● Given data
__________

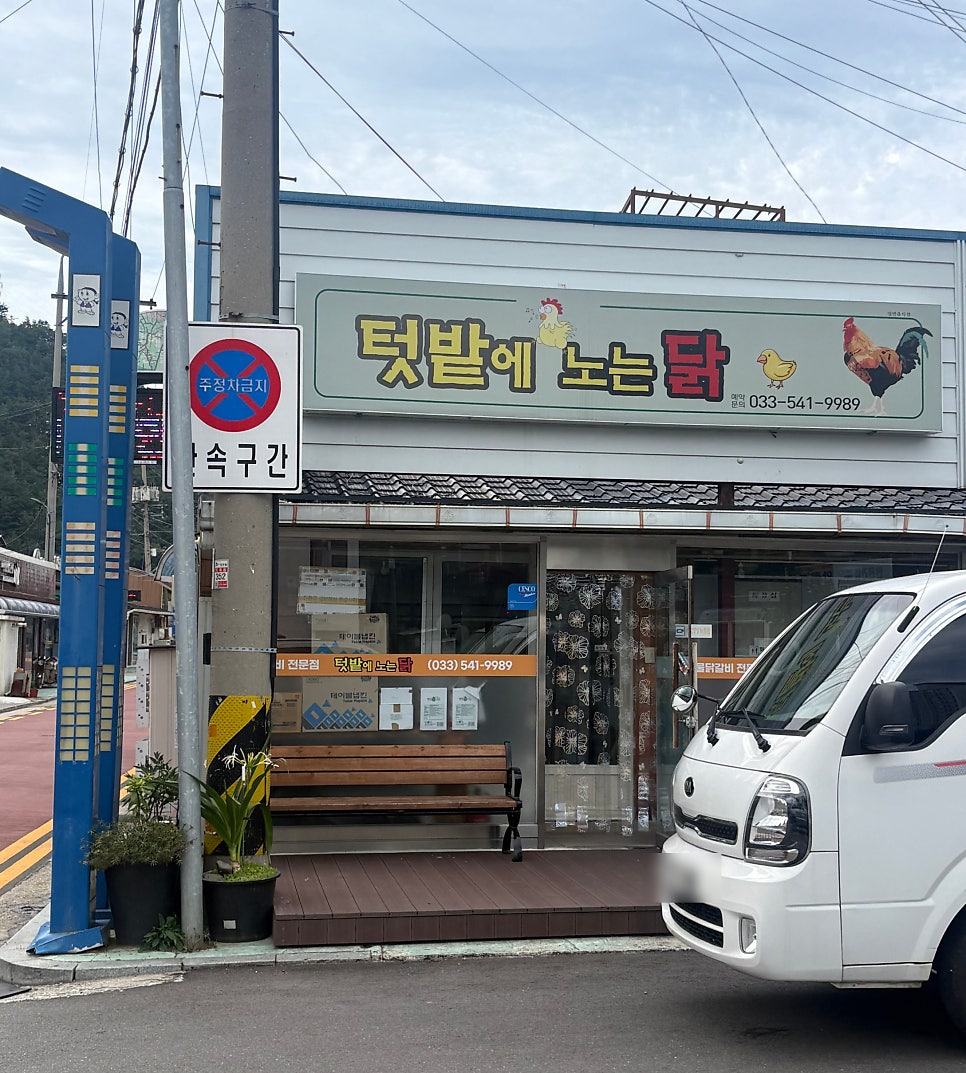 텃밭에노는닭 사진 1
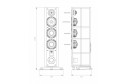 Triangle Magellan Cello Dimensions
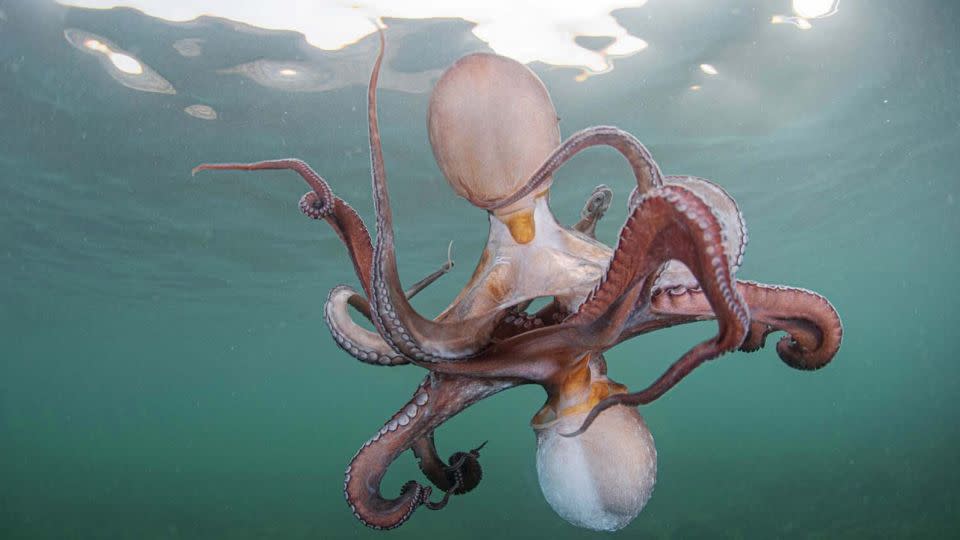 Two octopuses tangle their tentacles around one another, unusual behavior, according to photographer Francisco Javier Murcia Requena. - Francisco Javier Murcia Requena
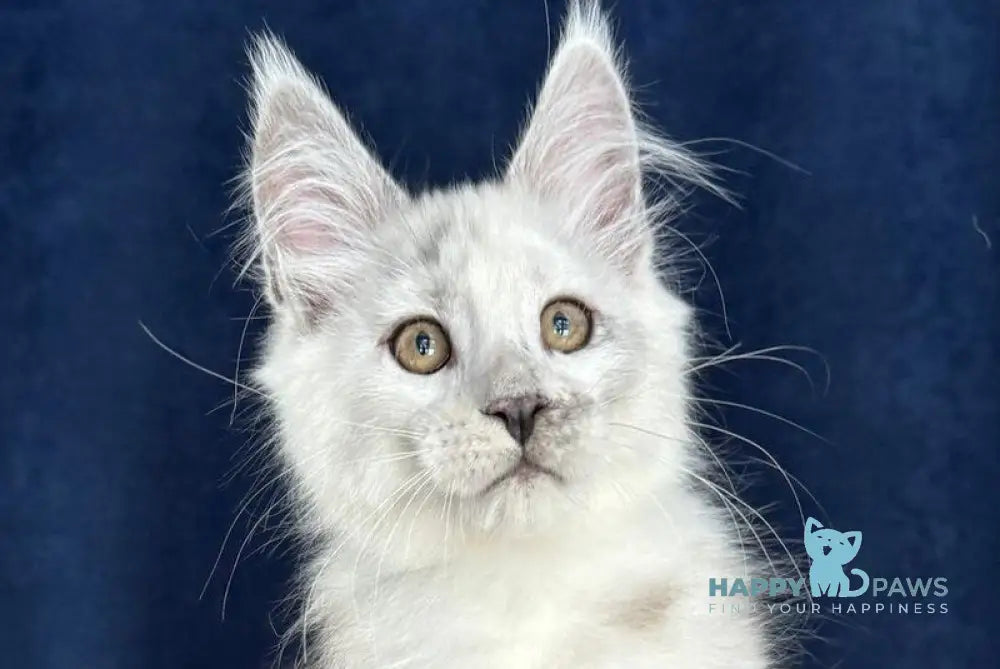 Caradoc Maine Coon male black silver shaded live animals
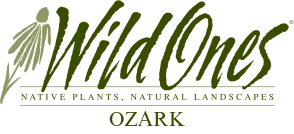 Wild Ones Ozark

__________

● Your assignment
Return exactly the part of the listing above that opens with the line containing "Triangle Magellan Cello Dimensions" and closes with the line containing "Caradoc Maine Coon". Pictures stay out.

● Response box
 Triangle Magellan Cello Dimensions
 Two octopuses tangle their tentacles around one another, unusual behavior, according to photographer Francisco Javier Murcia Requena. - Francisco Javier Murcia Requena
 Caradoc Maine Coon male black silver shaded live animals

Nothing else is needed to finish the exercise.